Sunday, March 21, 2010

Break + some after results

First, the Valgrinding went all right. No invalid memory usage errors were detected, only leaks. Fixed most of the leaks, but there are a few (possibly just one that is cascading) that was difficult to trace even with Valgrind magic. So, I'll have to look into that later to see if I can solve those. The Valgrind results indicate that some objects are not freed, even though their parent constructor seems to free them. Best guess is they are somehow being overwritten and the original object is never freed.
I evaluated several unit testing frameworks to in an attempt to keep the code healthy.
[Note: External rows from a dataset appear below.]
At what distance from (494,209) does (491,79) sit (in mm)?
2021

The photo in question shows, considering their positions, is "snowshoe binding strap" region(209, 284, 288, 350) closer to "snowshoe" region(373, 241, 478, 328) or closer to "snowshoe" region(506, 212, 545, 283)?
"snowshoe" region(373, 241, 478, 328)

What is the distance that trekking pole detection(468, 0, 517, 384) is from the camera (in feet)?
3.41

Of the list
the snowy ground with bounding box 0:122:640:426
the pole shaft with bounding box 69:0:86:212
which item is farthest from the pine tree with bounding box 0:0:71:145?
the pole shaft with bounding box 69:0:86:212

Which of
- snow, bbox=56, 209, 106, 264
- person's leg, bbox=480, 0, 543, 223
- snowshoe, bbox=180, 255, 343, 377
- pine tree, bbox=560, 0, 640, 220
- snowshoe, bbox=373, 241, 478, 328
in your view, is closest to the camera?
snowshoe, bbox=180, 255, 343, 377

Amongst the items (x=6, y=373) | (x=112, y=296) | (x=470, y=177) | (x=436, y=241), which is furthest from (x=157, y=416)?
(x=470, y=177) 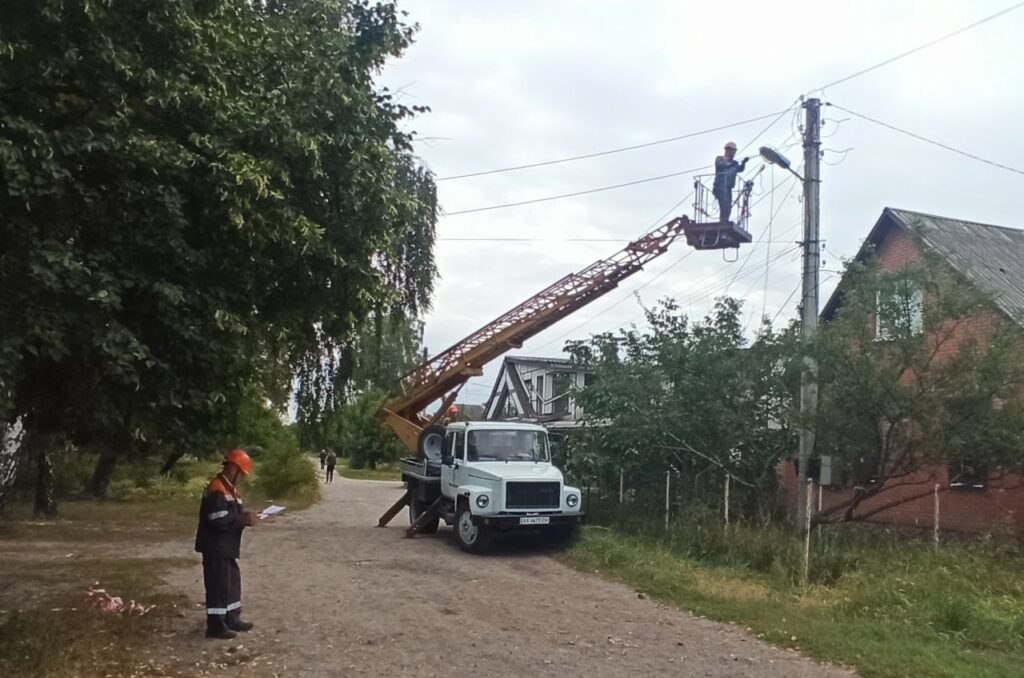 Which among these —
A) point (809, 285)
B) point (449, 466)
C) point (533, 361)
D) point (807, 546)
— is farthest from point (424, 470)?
point (533, 361)

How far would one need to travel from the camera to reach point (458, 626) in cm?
1017

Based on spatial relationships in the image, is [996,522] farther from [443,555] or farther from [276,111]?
[276,111]

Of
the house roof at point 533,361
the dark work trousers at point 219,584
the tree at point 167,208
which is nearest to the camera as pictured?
the tree at point 167,208

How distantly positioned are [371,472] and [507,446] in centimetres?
4344

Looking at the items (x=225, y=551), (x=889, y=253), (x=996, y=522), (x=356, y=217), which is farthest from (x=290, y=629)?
(x=889, y=253)

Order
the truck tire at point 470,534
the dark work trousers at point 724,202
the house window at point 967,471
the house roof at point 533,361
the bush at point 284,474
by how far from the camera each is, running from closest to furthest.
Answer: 1. the house window at point 967,471
2. the truck tire at point 470,534
3. the dark work trousers at point 724,202
4. the bush at point 284,474
5. the house roof at point 533,361

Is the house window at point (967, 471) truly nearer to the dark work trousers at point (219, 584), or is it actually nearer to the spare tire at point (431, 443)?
the spare tire at point (431, 443)

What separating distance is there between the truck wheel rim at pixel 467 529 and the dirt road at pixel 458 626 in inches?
19.1

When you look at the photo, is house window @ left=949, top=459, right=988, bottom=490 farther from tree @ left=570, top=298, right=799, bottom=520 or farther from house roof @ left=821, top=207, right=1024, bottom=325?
house roof @ left=821, top=207, right=1024, bottom=325

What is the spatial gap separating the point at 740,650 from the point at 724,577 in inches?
156

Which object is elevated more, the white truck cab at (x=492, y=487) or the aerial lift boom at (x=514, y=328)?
the aerial lift boom at (x=514, y=328)

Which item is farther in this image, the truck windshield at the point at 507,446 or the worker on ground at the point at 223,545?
the truck windshield at the point at 507,446

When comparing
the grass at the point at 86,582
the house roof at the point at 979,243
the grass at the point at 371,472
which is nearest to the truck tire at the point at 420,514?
the grass at the point at 86,582

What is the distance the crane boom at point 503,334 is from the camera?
19828 mm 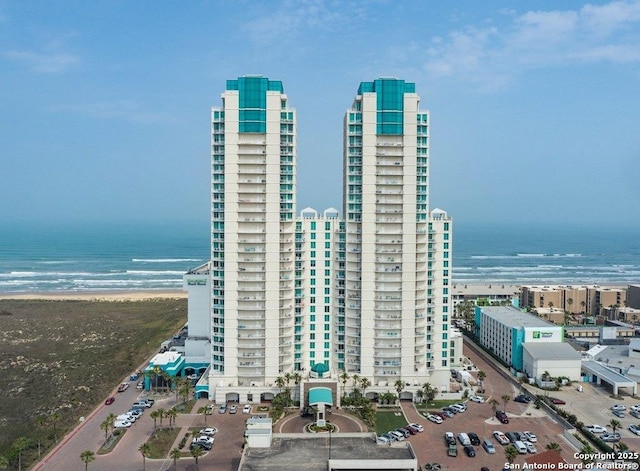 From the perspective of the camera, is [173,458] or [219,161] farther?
[219,161]

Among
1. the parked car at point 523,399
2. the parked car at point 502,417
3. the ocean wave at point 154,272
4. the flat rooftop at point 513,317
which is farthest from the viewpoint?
the ocean wave at point 154,272

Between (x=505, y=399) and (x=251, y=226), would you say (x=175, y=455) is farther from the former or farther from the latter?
(x=505, y=399)

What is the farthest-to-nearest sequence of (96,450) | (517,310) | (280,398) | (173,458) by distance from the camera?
(517,310)
(280,398)
(96,450)
(173,458)

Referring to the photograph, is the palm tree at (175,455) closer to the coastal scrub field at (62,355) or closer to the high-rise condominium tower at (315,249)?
the coastal scrub field at (62,355)

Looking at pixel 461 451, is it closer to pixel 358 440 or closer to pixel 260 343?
pixel 358 440

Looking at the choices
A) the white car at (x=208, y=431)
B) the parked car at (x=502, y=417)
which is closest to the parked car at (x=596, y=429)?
the parked car at (x=502, y=417)

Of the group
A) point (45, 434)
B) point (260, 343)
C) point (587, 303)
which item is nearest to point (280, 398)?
point (260, 343)

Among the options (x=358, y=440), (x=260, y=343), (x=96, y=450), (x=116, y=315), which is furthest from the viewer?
(x=116, y=315) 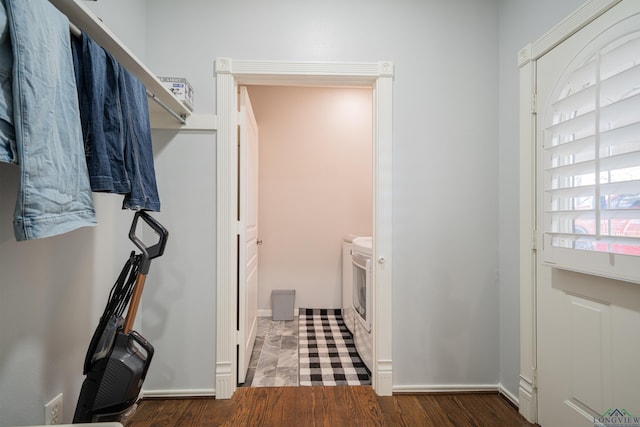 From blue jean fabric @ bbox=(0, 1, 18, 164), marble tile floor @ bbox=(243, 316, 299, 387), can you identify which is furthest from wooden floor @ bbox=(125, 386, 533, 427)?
blue jean fabric @ bbox=(0, 1, 18, 164)

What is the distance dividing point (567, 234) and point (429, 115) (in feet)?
3.36

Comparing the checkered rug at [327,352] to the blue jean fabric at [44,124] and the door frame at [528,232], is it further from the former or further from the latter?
the blue jean fabric at [44,124]

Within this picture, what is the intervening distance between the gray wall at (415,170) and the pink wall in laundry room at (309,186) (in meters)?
1.69

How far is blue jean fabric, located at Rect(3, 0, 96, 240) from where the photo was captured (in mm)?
746

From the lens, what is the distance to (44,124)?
0.80m

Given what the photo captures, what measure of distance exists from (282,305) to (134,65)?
277cm

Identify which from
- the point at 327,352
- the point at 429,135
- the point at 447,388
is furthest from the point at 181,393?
the point at 429,135

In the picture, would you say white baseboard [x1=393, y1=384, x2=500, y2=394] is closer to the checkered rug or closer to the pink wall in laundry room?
the checkered rug

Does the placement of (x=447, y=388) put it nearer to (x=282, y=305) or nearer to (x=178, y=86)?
(x=282, y=305)

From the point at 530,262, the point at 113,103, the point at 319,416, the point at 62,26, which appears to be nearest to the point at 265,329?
the point at 319,416

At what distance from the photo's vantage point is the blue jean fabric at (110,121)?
1008 mm

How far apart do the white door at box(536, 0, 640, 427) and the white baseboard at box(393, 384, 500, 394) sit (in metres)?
0.36

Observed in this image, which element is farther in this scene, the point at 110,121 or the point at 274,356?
the point at 274,356

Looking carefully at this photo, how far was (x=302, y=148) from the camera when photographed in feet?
12.1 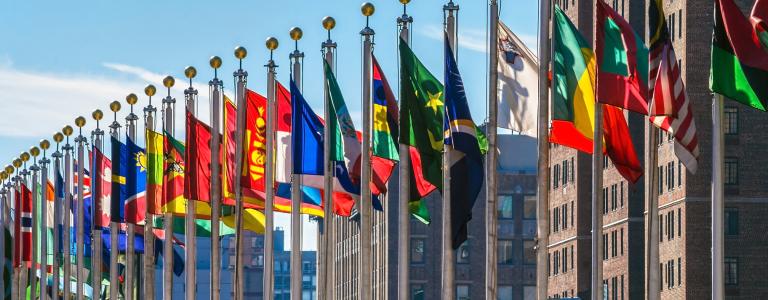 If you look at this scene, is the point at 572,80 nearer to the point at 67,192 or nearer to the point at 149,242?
the point at 149,242

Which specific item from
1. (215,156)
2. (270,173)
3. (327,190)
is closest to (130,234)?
(215,156)

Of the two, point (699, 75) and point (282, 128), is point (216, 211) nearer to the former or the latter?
point (282, 128)

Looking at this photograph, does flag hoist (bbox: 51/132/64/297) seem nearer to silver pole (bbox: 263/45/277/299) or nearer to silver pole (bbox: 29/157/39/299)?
silver pole (bbox: 29/157/39/299)

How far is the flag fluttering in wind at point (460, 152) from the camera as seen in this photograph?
51.2 metres

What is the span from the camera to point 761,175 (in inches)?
4938

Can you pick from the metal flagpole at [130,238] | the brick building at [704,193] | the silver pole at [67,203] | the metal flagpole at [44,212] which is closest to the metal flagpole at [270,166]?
the metal flagpole at [130,238]

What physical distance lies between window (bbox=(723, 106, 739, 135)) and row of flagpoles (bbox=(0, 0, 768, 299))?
5263cm

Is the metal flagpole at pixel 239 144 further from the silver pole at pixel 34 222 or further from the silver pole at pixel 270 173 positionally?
the silver pole at pixel 34 222

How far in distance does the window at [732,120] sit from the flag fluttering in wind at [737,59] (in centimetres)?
8259

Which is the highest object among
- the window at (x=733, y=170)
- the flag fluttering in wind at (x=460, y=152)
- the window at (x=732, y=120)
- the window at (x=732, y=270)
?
the window at (x=732, y=120)

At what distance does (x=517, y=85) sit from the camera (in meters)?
50.2

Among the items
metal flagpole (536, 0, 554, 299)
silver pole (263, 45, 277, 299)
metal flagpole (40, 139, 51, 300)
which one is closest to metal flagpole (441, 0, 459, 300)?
metal flagpole (536, 0, 554, 299)

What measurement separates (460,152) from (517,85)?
2.48m

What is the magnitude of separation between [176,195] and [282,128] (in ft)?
21.7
We do unit testing at work, but use a large scale framework we wrote ourselves since we needed strong interaction with our army of VMs. After glossing over several lists of unit test frameworks, I first ruled out any commercial frameworks for monetary and principal reasons. The two remaining that looked promising were CppUnit (JUnit C++ port) and Google test framework. Knowing JUnit is pretty standard, I went for that. Some simple engine init/deinit tests have been written and hopefully some more tests will be written in the future now that a testing framework is in place.
.pat format is well underway. Much of the FLIRT framework was written and the .pat core was written and compiles. However, a relocation source needs to be written to feed into the pattern generation. Obviously one such source will be from the configuration file driven uvudec framework. However, I've also been asked before about my support / consideration for libbfd (GNU binutils core), so I did some research on how to use libbfd. Spent some time looking through binutils sources and reading a guide doc I found that highlighed important features (thanks Cygnus!). Unfortunately, I haven't seen any small examples, and only one or two nearly pseudocode examples are provdided on the Cygnus manual on the basis that they don't call things like bfd_init(). I can't get libbfd to recognize my file formats. Hmm. So I migth strip down objdump and see if I can figure out what it does differently.
On the same note, I tried to play around with the rpat utility (http://www.woodmann.net/fravia/rpat-en.html) as it does what I'm trying to do, just with libbfd only as its function/relocation parsing engine. Its written very hackish and I rewrote a lot of it to get it to compile and play nice. However, after this it had the same issues as my hello world, probably because I'm making the same mistake twice.
So, more updates after I fix the libbfd issue. Also, why doesn't libbfd expose the demangling function? Its put into bucomm.c instead and linked against every binutils program instead of being in libbfd.a. Annoying. Might e-mail them about that.

Monday, March 8, 2010

Critical bugs fixed, ready to grind

Two bugs were introduced through the argument merge. The largest was related to this function:
uv_err_t UVD::changeConfig(UVDConfig *config)
{
if( m_config )
{
delete m_config;
}
m_config = config;
return UV_ERR_OK;
}
Which would be called after argument parsing to set the config after we had parsed it in main. However, config parsing had been moved into libuvudec, so this effectively passed in such that config == m_config, result in itself getting deleted, and then set. This typically crashed in the cleanup code as it tried to access various element in m_config which were now presumably invalid memory addresses.
The second had to do with inadvertently freeing UVD's m_data, the data we are decompiling in the decompiler engine. I added this free because several items were missing in UVD's deinit(), but this was data handed by the main program and was not to be deleted by the engine. This resulted in a double free.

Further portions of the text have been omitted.